I love dreams and I had a fascinating one last night.
I dreamt that I was working in a school and was setting out seating prior to the arrival of a visiting speaker. He was going to give some form of presentation to one of the classes; Steve Milward’s group.
After a while I found out that the visitor was Bob Dylan and went along with some other people to meet him. He was very affable and I told him that I had once met him when he performed with Rolf Harris. He recalled the incident and said that he remembered meeting me then.
Dylan asked me what I was doing and I said that I was an indie writer and also trying to escape from this place which now began to seem rather less like a school and rather more like a Gulag.
‘I have the escape all planned,’ I told him.
The scene switched to where I was inspecting my fellow-escapees, all wearing fake uniforms, with Dylan looking on. One skinny, forlorn-looking man with a beard was wearing carpet-slippers, or rather he was standing on the carpet-slippers with his feet attached to them by string.
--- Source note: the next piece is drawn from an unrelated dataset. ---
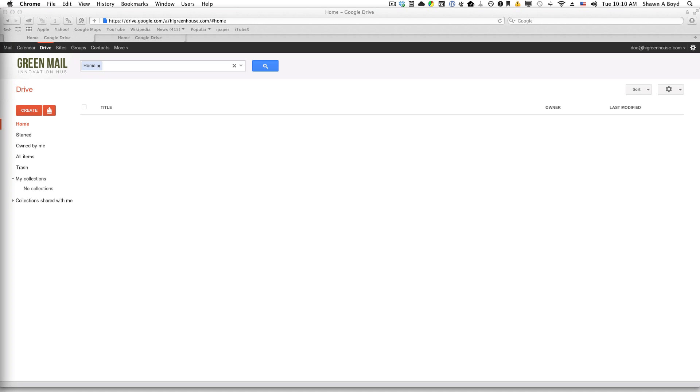So if on your personal Gmail you don't have one, but you do happen to have like a .com like I have for the Greenhouse or like I also have for my iFix Pro account, you'll see that Drive is available.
We’ll never get away with him looking like that, I thought. ‘I’m going to have to leave you behind,’ I told him. ‘Otherwise the rest of us will never escaped.’
The man nodded, he understood, but there was tragedy in his eyes.
Dylan came across to me and told me I had done the right thing. ‘It is the sign of real leadership to make tough decisions for the greater good,’ he said. ‘In fact you can all come out with my party because it will be safer for you that way.’
And then I woke up.
So what does this dream mean to me? In what ways was my unconscious trying to make sense of the world?
I used to teach in a school and taught Steve Milward’s tutor group. It was to this class that I read my ‘The Guy Fawkes Contest’, my first short story, telling them it had been written by a friend. They were silent as I read, something which rarely happened with them. I saw that they were as enthralled as they had been by only two other stories, ‘To Light a Fire’ by Jack London and a story, I think it was called ‘Power’ about a child who frees a bird caught on an electricity wire.
I can write I thought, and this cemented my ambition to become a writer.
I was also a fan of Bob Dylan, having been told about him by my oldest friend, Brian who was then at Art College and is a very gifted artist.
As a child I loved Rolf Harris and ‘I’ve Lost My Mummy,’ was the first record I ever bought for myself.
I have never, to the best of my knowledge, been in a Gulag.
So what does it all mean?
My best guess is that it is my unconscious dealing with our leaving England and moving to France and with coming to terms with my new life as a writer.